Hewan-hewan akan secara bersamaan turun ke daerah lebih rendah, masyarakat pun jadi waspada dan melakukan tindakan penyelamatan dini ketika ada indikasi gunung Merapi akan erupsi.

Dengan saling sadar untuk menjaga habitat binatang tetap alami, rumput-rumput yang jadi makanannya juga tercukupi, maka melarang mencari rumput dan berburu di kawasan ini adalah demi kebaikan bersama. Jaga kehidupan alami di sana karena membantu manusia mendapatkan peringatan dini ketika ada bencana.

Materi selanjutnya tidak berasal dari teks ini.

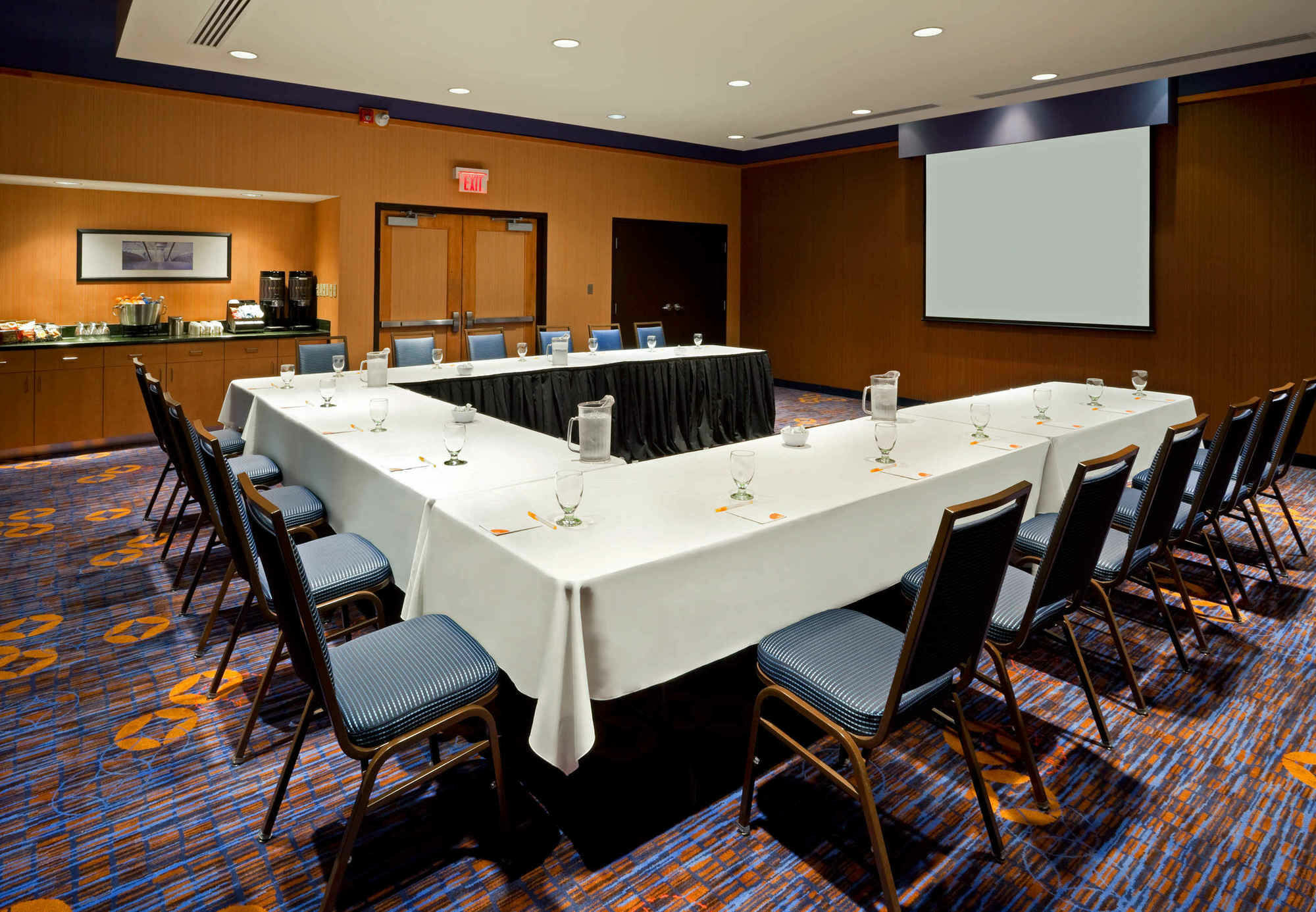 Courtyard By Marriott Toronto Vaughan Exterior foto
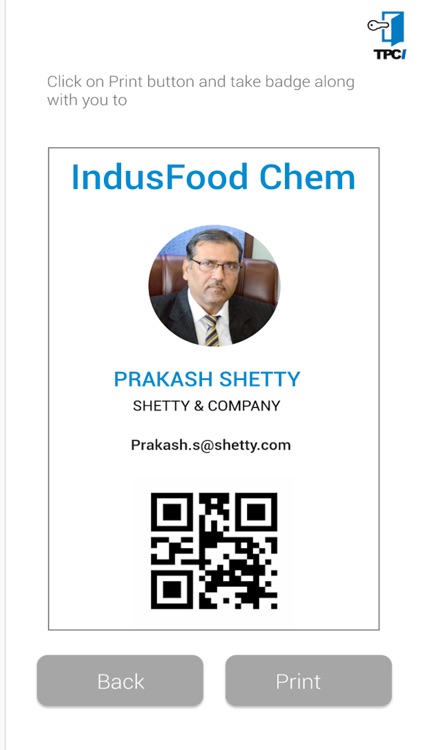 TPCI Smart Scan screenshot-4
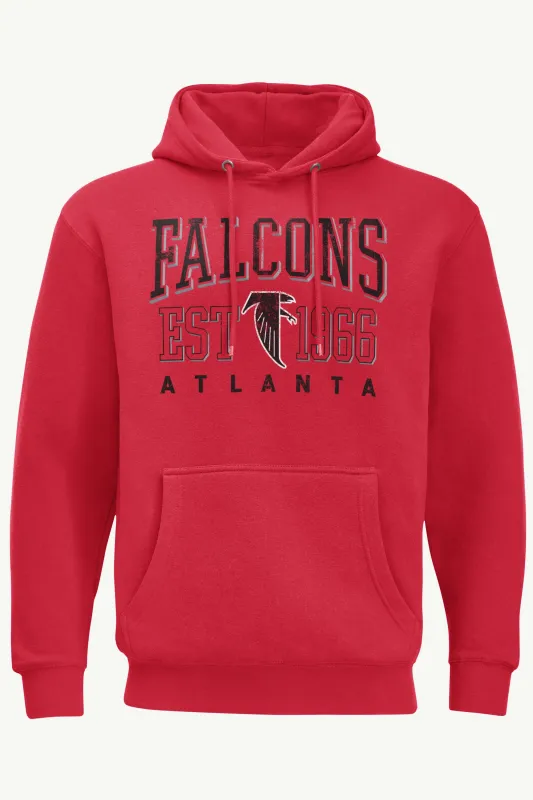 MENS ATLANTA FALCONS RETRO TEAM HOODIE sold by Starter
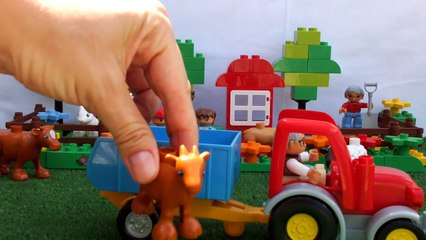 Çocuk şarkısı Dedemin çiftliği var (Old MacDonald Had a Farm türkçe)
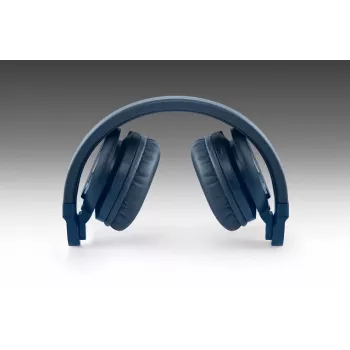 Muse M-276BTB juhtmeta kõrvaklapid, sinised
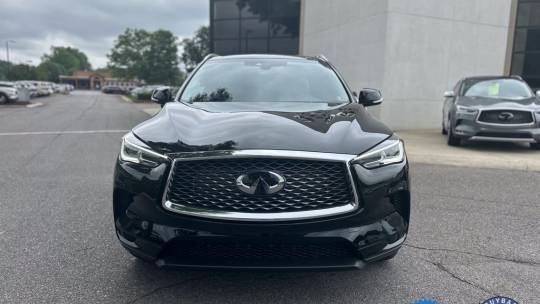 2024 Infiniti QX50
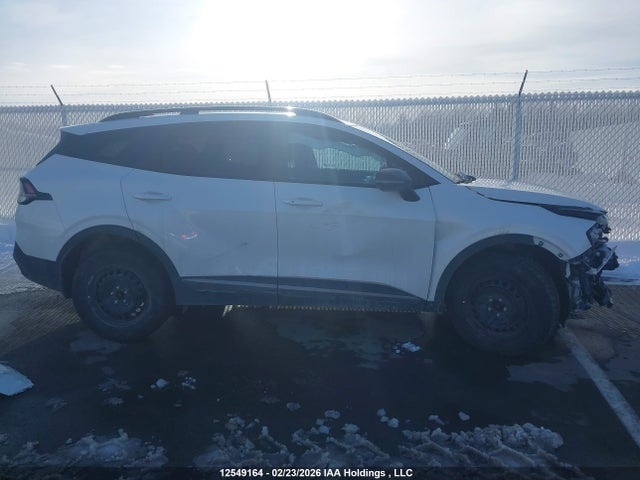 Aukcja sprzedaży 2023 Kia Sportage Lx, vin: KNDPUCAFXP7176157, numer aukcji: 12549164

2.Mitos yang sekaligus upaya pelestarian ekosistem di lereng Merapi

ilustrasi pemadangan gunung Merapi (unsplash.com/ Muhammad Fadil)

Adanya larangan merumput dan berburu binatang sebenarnya memiliki tujuan baik yaitu menjaga keseimbangan ekosistemnya. Seperti yang dijelaskan Ibnu Subiyanto dalam bukunya yang berjudul Melacak Mitos Merapi; Peka Membaca Bencana, Kritis terhadap Kearifan Lokal, pentingnya mitos larangan di lereng Merapi juga untuk mengatur orang-orang yang kurang memahami tentang cara menjaga keberlangsungan lingkungan hidup di kawasan itu.

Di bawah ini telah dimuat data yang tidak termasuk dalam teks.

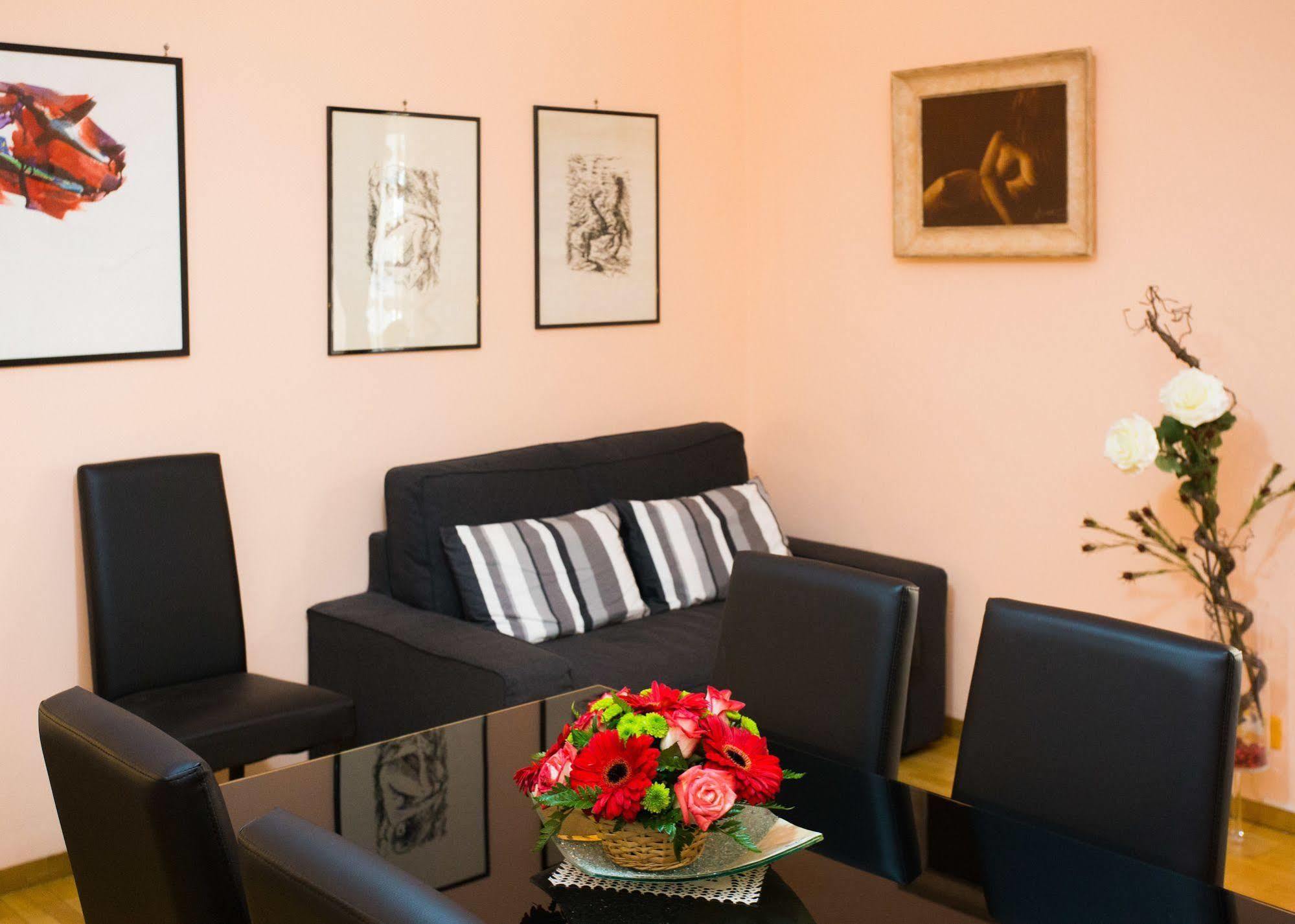 B&B Eternal Rome Inn Экстерьер фото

Gunung Merapi adalah salah satu yang teraktif di Indonesia, dengan siklus erupsi yang juga berulang dari waktu ke waktu, tentu membawa dampak bagi kehidupan masyarakat. Oleh karena itu, mitos-mitos larangan yang berkembang juga berperan agar warga mengikuti aturan yang mendukung kelestarian alam.

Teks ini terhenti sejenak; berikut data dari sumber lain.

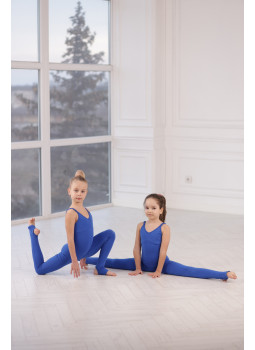 Unitard Mirra Azure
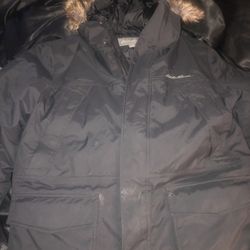 Eddie Bauer Coat 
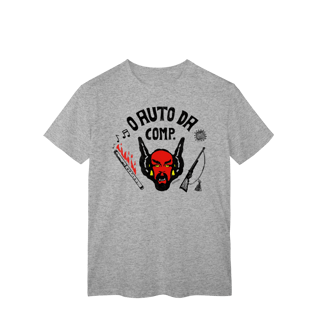 Nome do produto O Auto da Compadecida / Helfire Club - Stranger Things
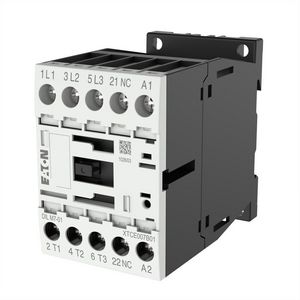 Magneetschakelaar DILM7-01(110V50/60HZ) 30kW 0m 1v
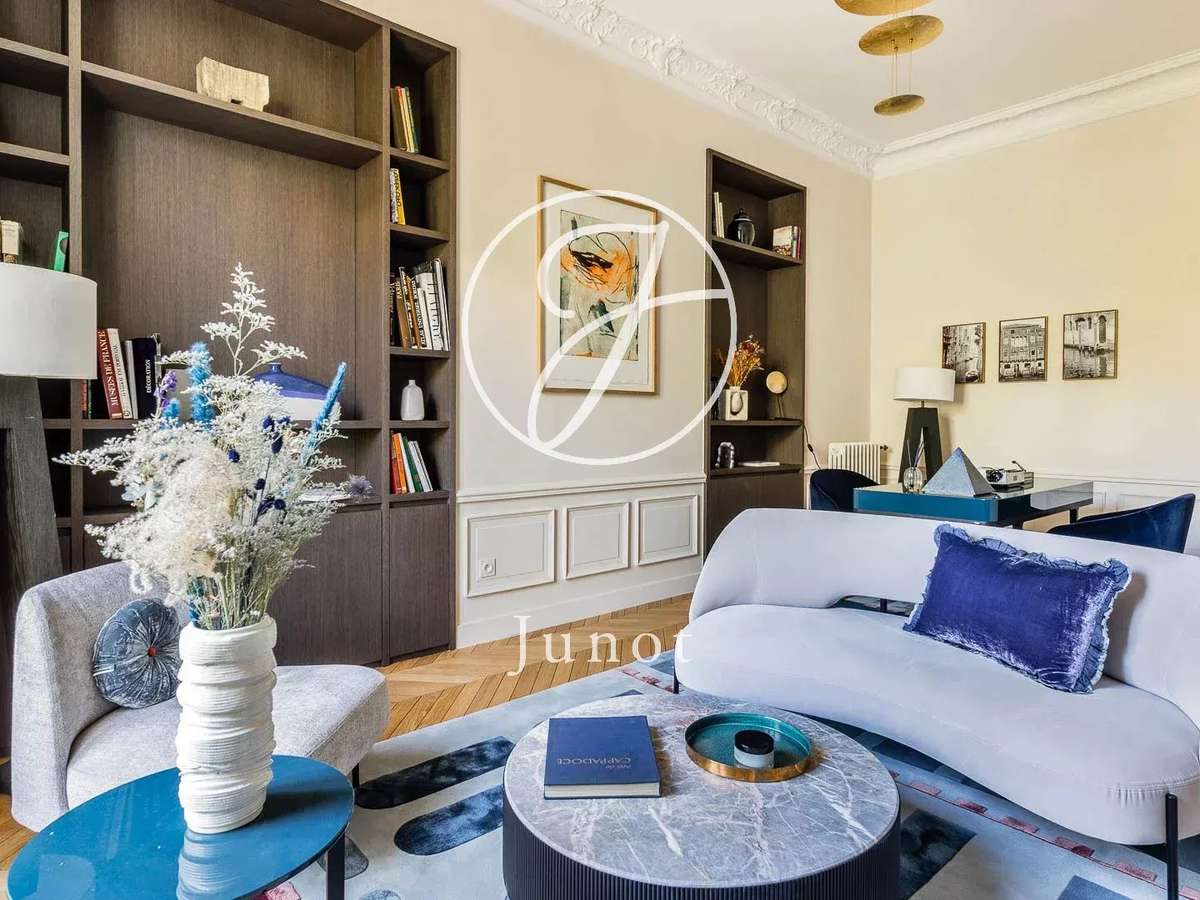 Appartement Paris 8e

3.Mitos, ilmu warisan berharga dari nenek moyang untuk mengatur sistem kehidupan sosial

ilustrasi sapi makan rumput (pexels.com/ Sandeep Singh)

Mitos juga sebuah sistem sosial yang dibuat oleh nenek moyang dengan cermat berdasarkan pengalaman, dan cerdas terhadap apa yang perlu dilakukan agar tercipta harmoni kehidupan. Bahkan, Ibnu juga membagikan pengalamannya yang menunjukkan kalau mitos lebih efektif untuk mengatur masyarakat kecil agar tidak melanggar aturan pemerintah yang berdampak kerusakan alam.

Pada tahun 2004, beliau mendapat laporan ada penambang tradisional yang menggerogoti tebing-tebing yang curam, tentu ini mengancam keselamatan penambang. Ketika sudah bertemu dan hanya mengatakan kalimat peringatan sederhana untuk tidak merusak kondisi jurang tersebut, karena kalau nekat nanti akan merasakan sendiri akibatnya.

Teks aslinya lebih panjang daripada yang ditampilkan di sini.